Syberyjska Madonna.
Moją matkę, jako żonę wroga narodu, odesłali daleko od domu do ciężkiej fizycznej pracy, odkopywać skopki siana spod śniegu Kilkumiesięczne niemowlę, moja siostrzyczka Wala, stale płakała, chciała być karmiona matczynym mlekiem. Wziąłem ją w zawiniątko, schowałem pod połciami swego kożucha, żeby nie zmarzła i brnąc przez zaspy śniegu, niosłem ją do matki. Ona rzucała łopatę, łapała córeczkę, od razu siadała na śnieg, odkrywała pierś i karmiła dziecko. Ja byłem przerażony, bałem się, że matka zachoruje, bo tu 30 może 40 stopni mrozu, mnie w futrze zimno, a ona z odsłoniętą piersią, czy to wytrzyma? Ten dzień pozwolił mi uwierzyć, że Bóg czuwa nad nami. Mama i siostrzyczka nie zachorowały.
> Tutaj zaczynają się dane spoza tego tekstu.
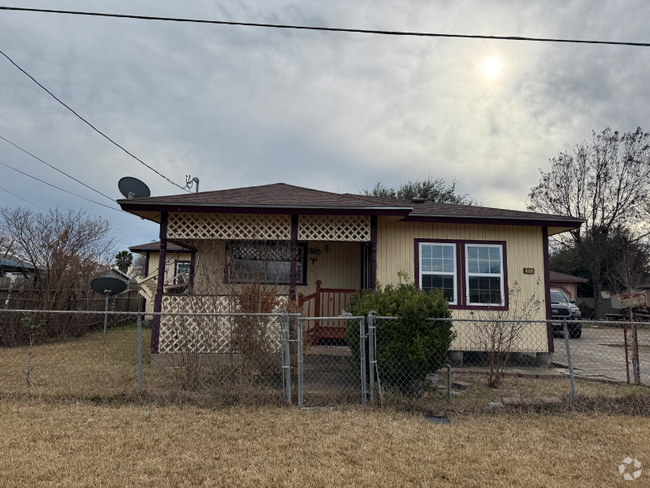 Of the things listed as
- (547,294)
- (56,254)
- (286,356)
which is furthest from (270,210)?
(56,254)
Teraz opowiem o formie tego obrazu. Wykonałem go na płycie pilśniowej, żeby lepiej trzymały się elementy kolażu. Przykleiłem do postaci grubą szmatę, żeby uzmysłowić, jaki jest jej ubiór w tych warunkach, nogi ma w łapciach, ale okryte chustką z bawełny dla utrzymania ciepła, bez którego z jej piersi nie wycieknie nawet kropla mleka dla dziecka. Tło obrazu to padający śnieg, brudny na wzgórku pierwszego planu, jego fakturę zrobiłem z trocin. Po przyklejeniu szmat i trocin, nastał czas malowania pędzlem, w celu oddania surowej, szaro-niebieskiej kolorystyki, która najwięcej opowiada o syberyjskim mrozie, o losie bohaterki oraz o więzieniu umieszczonym nieopodal. Ten obraz powstał w hołdzie mojej i wszystkim matkom syberyjskich zesłańców.
Stefan Centomirski Sybirak, Syberyjska Madonna, 1992 r.